Problem requirements ▸ Copy, word for word, the line containing "Sibirische Husky-Welpenmalerei - Original" and each line that follows it in the entries below; pictures do not belong in the copy.

-------- Data records --------

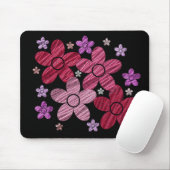 Digital-Kunst-Blumenexplosion auf schwarzem Mousepad (Mit Mouse)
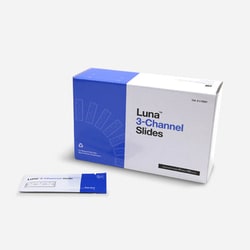 NEW ENGLAND BIOGROUP&nbsp;10 boxes of 50 LUNA-FX7 or LUNA-BX7 3-channel ultra low fluorescent counting slides, 500 slides/1500 counts. For LUNA-FX7 and LUNA-BX7.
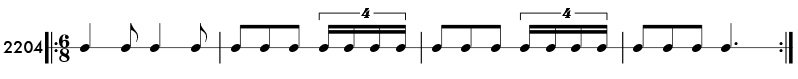 Tuplets in compound meter - pattern 2204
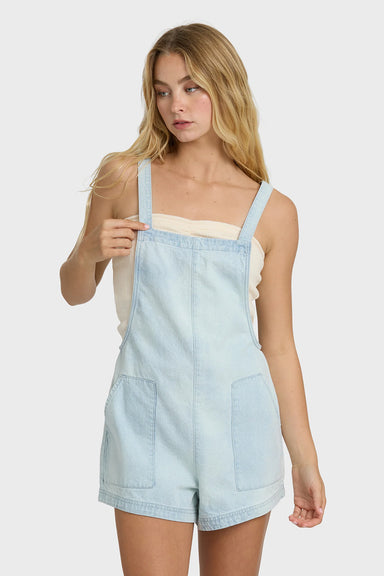 billabong beach crush denim overall blue mist front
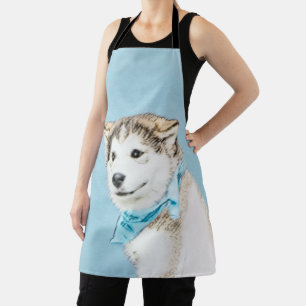 Sibirische Husky-Welpenmalerei - Original Hundesch Schürze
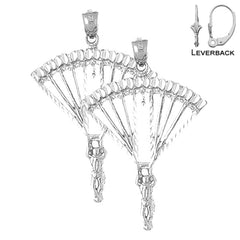 Sterling Silver 39mm Parachuter Earrings (White or Yellow Gold Plated)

--------

The answer ▸
 Sibirische Husky-Welpenmalerei - Original Hundesch Schürze
 Sterling Silver 39mm Parachuter Earrings (White or Yellow Gold Plated)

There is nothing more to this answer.